9. The Filer will partially settle the Forward Agreement prior to the Forward Date in order to fund redemptions of Class A Shares and Class F Shares (collectively, Shares) and for the payment of expenses of the Filer. Prior to the Forward Date, the Filer also may increase its exposure under the Forward Agreement from time to time when proceeds from the exercise of Class A Warrants or Class F Warrants (collectively, Warrants) are used by the Filer to purchase additional securities for the Common Share Portfolio.
10. The Counterparty has, and will have at all times, an approved credit rating under National Instrument 81-102 Mutual Funds. In the event that the Counterparty ceases to have an approved credit rating, the terms of the Forward Agreement will permit the Filer to terminate the Forward Agreement.

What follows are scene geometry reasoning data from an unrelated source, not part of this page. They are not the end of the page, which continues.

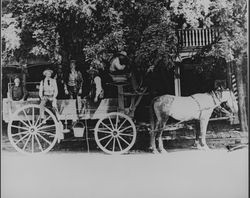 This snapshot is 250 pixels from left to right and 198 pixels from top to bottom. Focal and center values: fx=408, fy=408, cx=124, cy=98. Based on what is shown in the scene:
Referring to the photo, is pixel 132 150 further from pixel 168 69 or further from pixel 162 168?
pixel 168 69

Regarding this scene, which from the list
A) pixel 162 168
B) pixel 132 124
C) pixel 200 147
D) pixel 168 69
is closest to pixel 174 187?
pixel 162 168

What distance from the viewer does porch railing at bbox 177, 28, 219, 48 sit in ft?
12.6

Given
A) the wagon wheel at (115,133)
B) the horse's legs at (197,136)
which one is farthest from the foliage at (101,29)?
the horse's legs at (197,136)

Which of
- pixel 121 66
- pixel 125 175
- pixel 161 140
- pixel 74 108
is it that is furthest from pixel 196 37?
pixel 125 175

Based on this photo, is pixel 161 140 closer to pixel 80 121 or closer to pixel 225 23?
pixel 80 121

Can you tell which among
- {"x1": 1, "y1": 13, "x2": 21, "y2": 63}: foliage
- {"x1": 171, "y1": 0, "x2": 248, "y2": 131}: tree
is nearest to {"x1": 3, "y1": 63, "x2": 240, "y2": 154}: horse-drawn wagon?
{"x1": 171, "y1": 0, "x2": 248, "y2": 131}: tree

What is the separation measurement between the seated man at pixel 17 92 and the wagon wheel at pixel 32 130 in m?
0.10

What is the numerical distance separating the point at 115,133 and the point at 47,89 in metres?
0.76

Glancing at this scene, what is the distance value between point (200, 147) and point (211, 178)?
0.30 metres

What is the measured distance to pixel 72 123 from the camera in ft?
12.6

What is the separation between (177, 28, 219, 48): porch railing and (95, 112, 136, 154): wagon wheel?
90cm

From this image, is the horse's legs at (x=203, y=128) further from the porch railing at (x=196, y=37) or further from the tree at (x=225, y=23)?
the porch railing at (x=196, y=37)

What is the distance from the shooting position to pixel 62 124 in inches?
152

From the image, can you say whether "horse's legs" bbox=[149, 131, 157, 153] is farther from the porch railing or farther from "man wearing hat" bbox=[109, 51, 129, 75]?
the porch railing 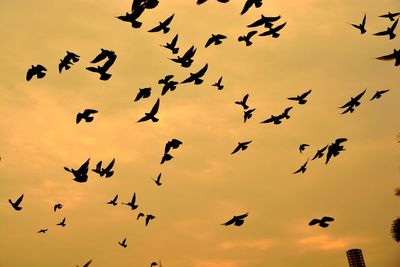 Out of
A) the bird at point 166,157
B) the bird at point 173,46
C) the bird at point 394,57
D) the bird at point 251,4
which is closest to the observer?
the bird at point 251,4

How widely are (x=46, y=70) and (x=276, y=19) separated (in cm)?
1131

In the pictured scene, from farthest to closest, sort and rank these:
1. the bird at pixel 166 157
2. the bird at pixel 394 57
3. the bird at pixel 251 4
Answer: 1. the bird at pixel 166 157
2. the bird at pixel 394 57
3. the bird at pixel 251 4

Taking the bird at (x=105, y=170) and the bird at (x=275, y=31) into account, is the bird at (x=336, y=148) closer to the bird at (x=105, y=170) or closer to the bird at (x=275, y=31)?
the bird at (x=275, y=31)

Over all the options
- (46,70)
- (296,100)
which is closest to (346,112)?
(296,100)

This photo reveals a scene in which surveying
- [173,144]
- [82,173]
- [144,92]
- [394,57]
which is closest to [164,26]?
[144,92]

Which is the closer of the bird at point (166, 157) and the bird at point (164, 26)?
the bird at point (164, 26)

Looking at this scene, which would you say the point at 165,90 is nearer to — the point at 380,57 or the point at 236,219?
the point at 236,219

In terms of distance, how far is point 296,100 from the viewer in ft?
79.0

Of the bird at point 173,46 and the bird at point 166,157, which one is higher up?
the bird at point 173,46

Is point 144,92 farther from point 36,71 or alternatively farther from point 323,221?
point 323,221

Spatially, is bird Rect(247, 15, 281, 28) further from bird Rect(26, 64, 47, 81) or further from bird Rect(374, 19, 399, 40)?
bird Rect(26, 64, 47, 81)

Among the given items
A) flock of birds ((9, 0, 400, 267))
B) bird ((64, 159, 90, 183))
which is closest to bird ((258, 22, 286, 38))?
flock of birds ((9, 0, 400, 267))

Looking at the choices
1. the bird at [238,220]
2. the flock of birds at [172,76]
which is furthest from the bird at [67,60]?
the bird at [238,220]

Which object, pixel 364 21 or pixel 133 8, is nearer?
pixel 133 8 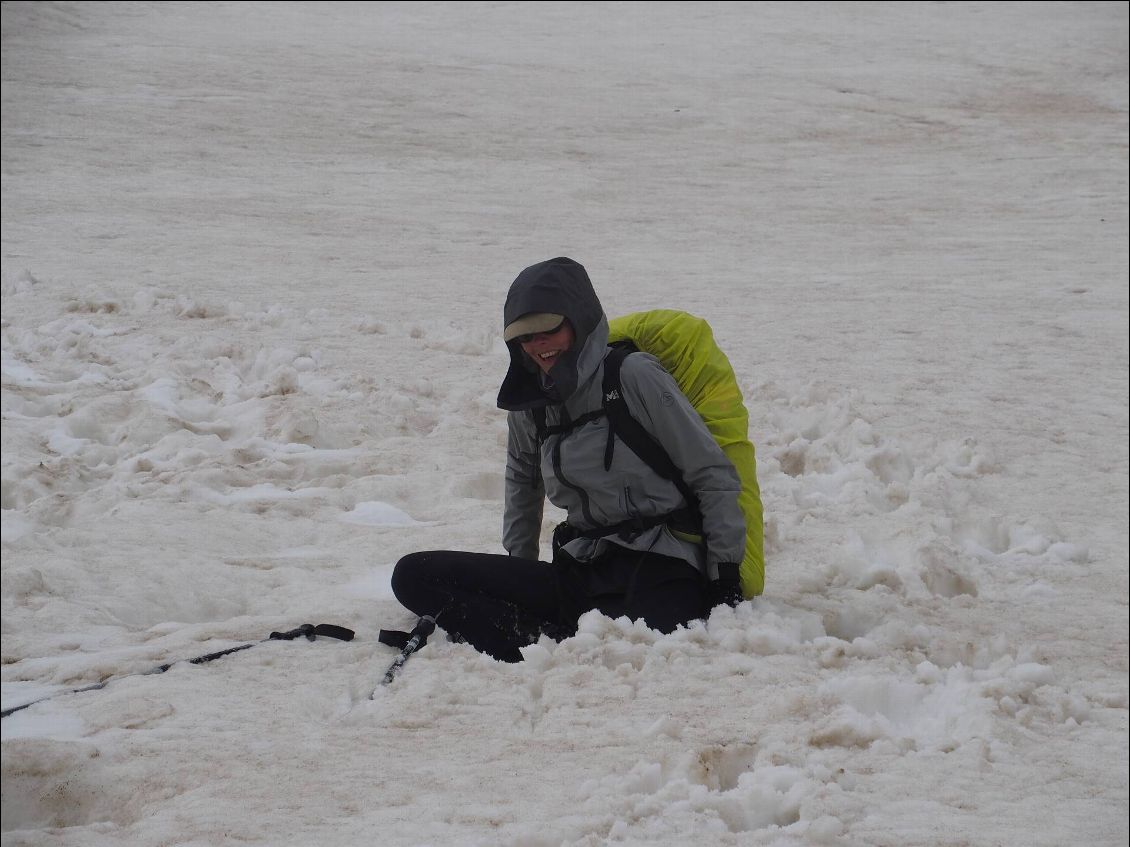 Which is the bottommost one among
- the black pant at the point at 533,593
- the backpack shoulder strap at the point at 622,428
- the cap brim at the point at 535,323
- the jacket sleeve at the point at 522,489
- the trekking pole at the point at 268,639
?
the trekking pole at the point at 268,639

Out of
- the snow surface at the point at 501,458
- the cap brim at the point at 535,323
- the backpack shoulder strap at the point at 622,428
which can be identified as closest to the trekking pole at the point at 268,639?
the snow surface at the point at 501,458

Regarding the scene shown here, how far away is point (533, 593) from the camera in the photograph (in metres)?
4.21

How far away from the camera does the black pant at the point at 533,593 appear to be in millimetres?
4016

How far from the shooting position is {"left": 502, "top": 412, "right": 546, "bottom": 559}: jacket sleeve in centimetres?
418

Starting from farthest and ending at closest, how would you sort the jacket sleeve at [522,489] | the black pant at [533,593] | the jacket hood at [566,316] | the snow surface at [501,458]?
the jacket sleeve at [522,489]
the black pant at [533,593]
the jacket hood at [566,316]
the snow surface at [501,458]

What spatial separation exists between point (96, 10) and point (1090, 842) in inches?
930

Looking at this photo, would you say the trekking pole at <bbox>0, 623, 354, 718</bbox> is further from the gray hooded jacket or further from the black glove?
the black glove

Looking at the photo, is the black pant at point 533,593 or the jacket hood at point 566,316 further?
the black pant at point 533,593

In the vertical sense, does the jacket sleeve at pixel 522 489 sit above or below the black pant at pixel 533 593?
above

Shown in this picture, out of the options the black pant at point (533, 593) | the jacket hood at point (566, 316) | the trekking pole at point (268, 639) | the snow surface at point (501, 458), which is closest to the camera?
the snow surface at point (501, 458)

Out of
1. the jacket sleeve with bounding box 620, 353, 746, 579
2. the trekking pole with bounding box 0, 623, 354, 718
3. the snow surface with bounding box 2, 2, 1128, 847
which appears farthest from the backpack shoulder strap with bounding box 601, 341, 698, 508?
the trekking pole with bounding box 0, 623, 354, 718

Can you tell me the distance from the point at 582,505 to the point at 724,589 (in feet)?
1.91

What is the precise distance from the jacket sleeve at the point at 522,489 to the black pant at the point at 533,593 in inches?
7.1

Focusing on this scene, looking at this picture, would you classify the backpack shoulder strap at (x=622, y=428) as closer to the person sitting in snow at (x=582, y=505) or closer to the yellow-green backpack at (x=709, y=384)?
the person sitting in snow at (x=582, y=505) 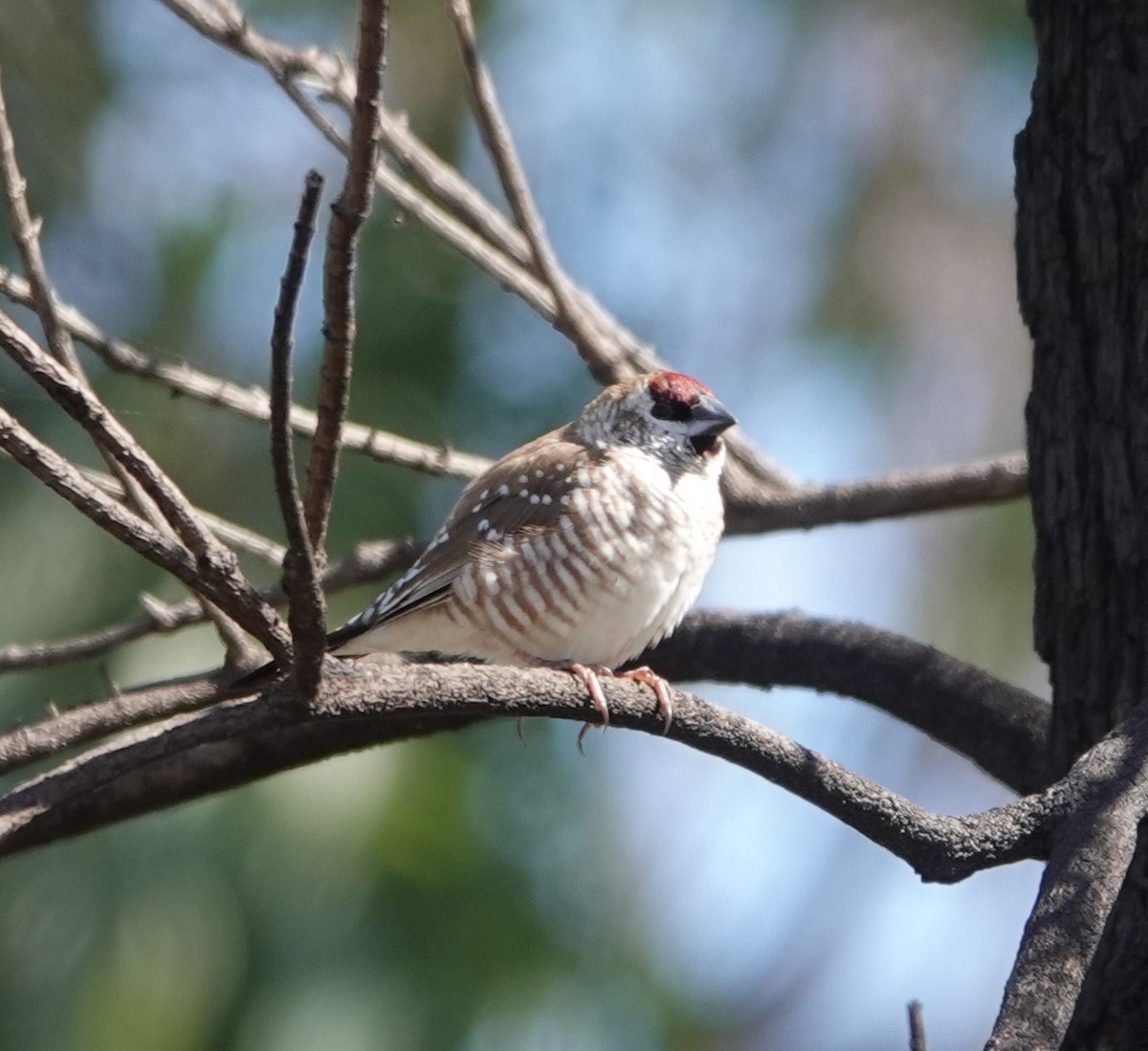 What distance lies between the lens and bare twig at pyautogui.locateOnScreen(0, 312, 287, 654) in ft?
7.12

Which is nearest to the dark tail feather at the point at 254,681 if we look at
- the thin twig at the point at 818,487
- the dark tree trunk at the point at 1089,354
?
the thin twig at the point at 818,487

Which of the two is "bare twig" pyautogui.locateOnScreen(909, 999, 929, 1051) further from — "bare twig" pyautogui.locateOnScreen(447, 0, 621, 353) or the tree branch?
"bare twig" pyautogui.locateOnScreen(447, 0, 621, 353)

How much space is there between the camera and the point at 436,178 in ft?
13.5

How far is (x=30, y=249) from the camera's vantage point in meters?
3.00

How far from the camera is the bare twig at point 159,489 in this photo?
217 cm

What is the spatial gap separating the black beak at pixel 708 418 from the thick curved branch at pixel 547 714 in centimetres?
163

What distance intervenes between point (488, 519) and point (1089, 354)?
1.72 metres

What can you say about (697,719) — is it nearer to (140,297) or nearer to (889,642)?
(889,642)

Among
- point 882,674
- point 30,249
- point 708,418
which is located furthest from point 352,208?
point 708,418

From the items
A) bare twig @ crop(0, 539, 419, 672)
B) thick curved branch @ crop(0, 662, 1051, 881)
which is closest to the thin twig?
bare twig @ crop(0, 539, 419, 672)

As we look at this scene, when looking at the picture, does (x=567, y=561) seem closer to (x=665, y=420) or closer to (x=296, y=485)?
(x=665, y=420)

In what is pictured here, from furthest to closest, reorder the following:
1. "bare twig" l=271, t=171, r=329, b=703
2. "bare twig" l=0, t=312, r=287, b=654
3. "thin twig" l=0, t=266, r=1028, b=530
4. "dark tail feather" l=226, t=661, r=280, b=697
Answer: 1. "thin twig" l=0, t=266, r=1028, b=530
2. "dark tail feather" l=226, t=661, r=280, b=697
3. "bare twig" l=0, t=312, r=287, b=654
4. "bare twig" l=271, t=171, r=329, b=703

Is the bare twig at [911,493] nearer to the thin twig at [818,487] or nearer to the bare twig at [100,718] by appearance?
the thin twig at [818,487]

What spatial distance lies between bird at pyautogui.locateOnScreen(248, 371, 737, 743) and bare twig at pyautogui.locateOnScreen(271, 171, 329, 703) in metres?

11. Shares will be redeemable on the last day of each month (each a Monthly Redemption Date). A holder of Shares of the Filer (a Shareholder) who properly surrenders a Share for redemption at least 20 business days prior to a Monthly Redemption Date will receive on or before the 15th business day following such Monthly Redemption Date payment of the Monthly Redemption Price per Class A Share or Monthly Redemption Price per Class F Share (as applicable and defined below) for such Share calculated by reference to the price at which Class A Shares are trading on the TSX (subject to the Filer's right to suspend redemptions in certain circumstances).
12. The Monthly Redemption Price per Class A Share is the amount, if any, equal to the lesser of:
(a) 94% of the weighted average trading price of the Class A Shares on the TSX during the 15 trading days preceding the applicable Monthly Redemption Date, and
(b) the closing market price of the Class A Shares on the principal market on which the Class A Shares are quoted for trading on the applicable Monthly Redemption Date,
less any costs associated with the redemption including, without limitation, if the Manager determines that it is not practicable or necessary for the Filer to partially settle the Forward Agreement to fund such redemption, the aggregate of all brokerage fees, commissions and other transaction costs that the Manager estimates would have resulted from such a partial settlement (Redemption Costs).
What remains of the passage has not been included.